Give back exactly the lines from the one holding "粉底液后几分钟用散粉 粉底液涂完立马定妆吗 粉底液后几分钟用散粉 粉底液涂完立马定妆吗" to the bottom of the material, both included, and nothing more. No pictures.

+++ Input data +++

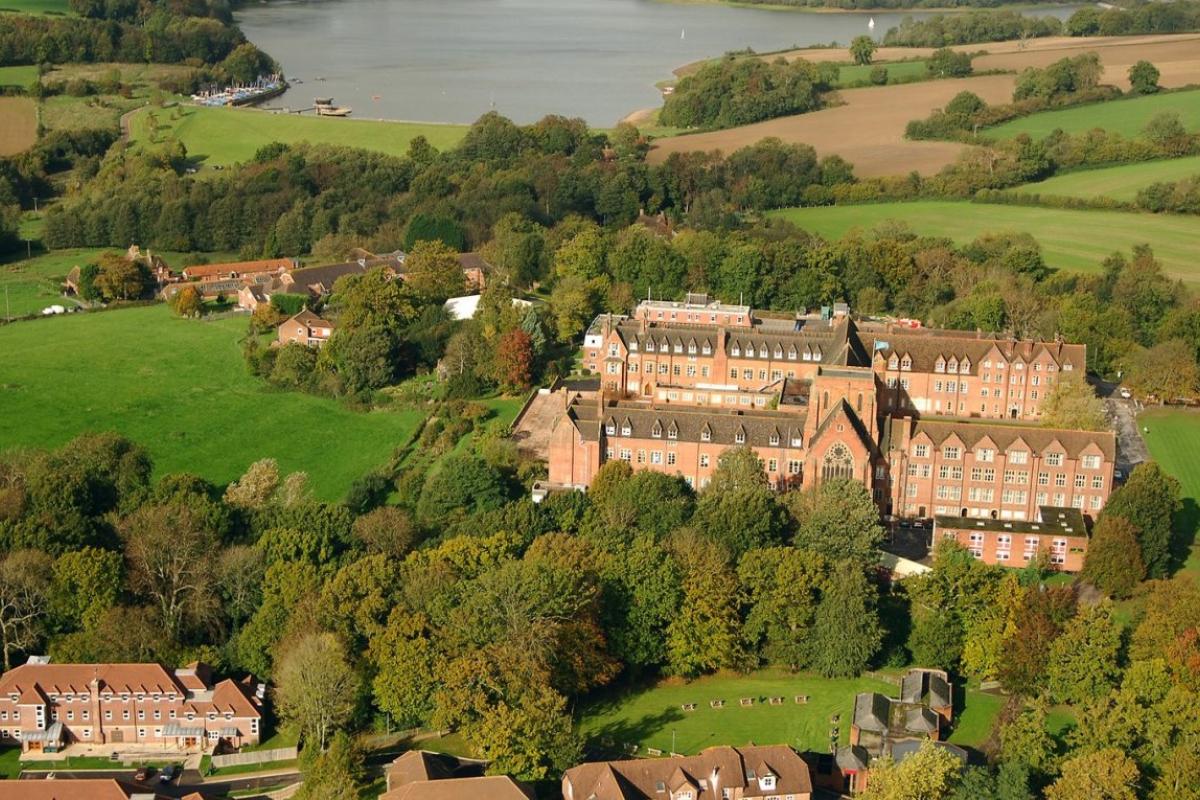 Summer camp in Ardingly | Alpadia Language Schools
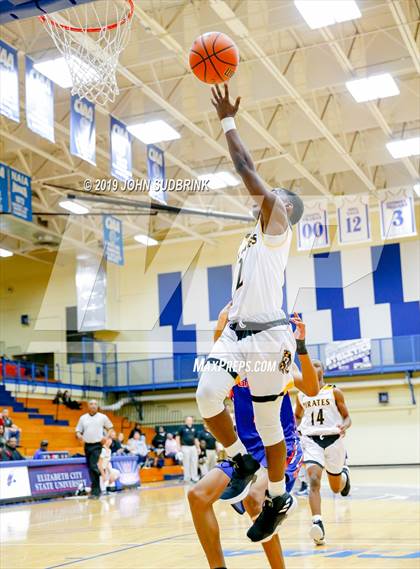 Thumbnail 3 in Greenbrier Christian Academy vs Perquimans (Robert L. Vaughan Border Clash Basketball Invitational) photogallery.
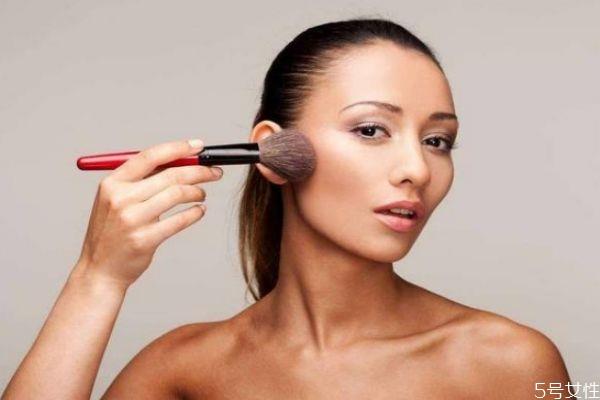 粉底液后几分钟用散粉 粉底液涂完立马定妆吗 粉底液后几分钟用散粉 粉底液涂完立马定妆吗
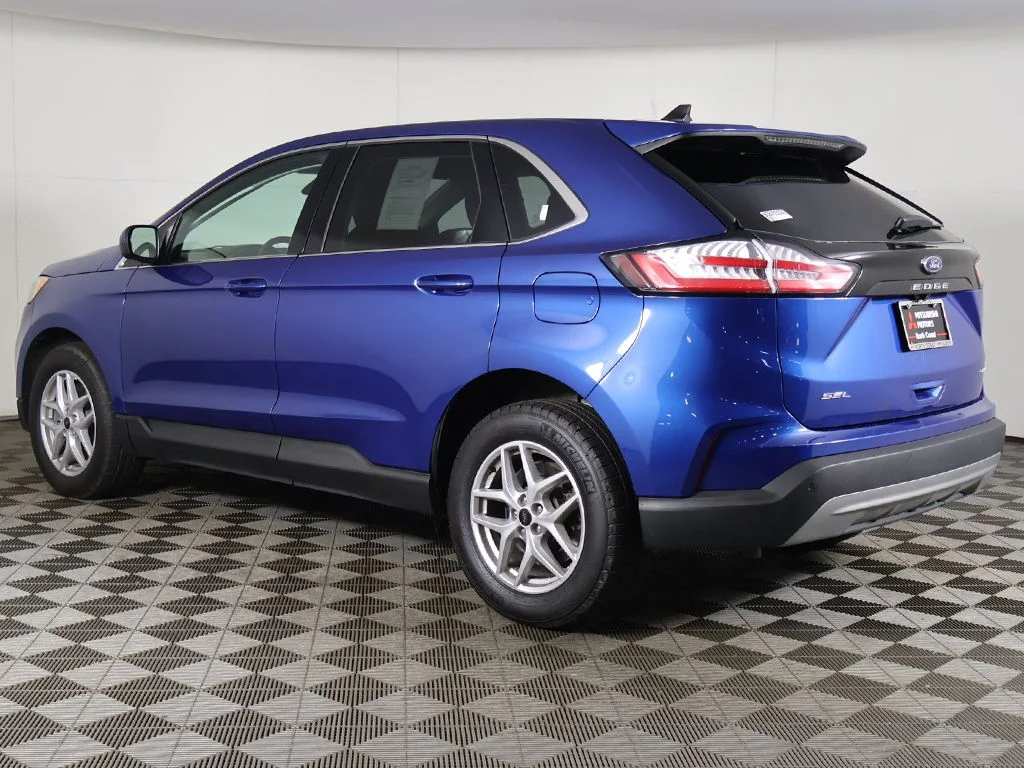 Used 2024 Blue Ford SEL image 7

+++

▸ **Solution to this problem**
 粉底液后几分钟用散粉 粉底液涂完立马定妆吗 粉底液后几分钟用散粉 粉底液涂完立马定妆吗
 Used 2024 Blue Ford SEL image 7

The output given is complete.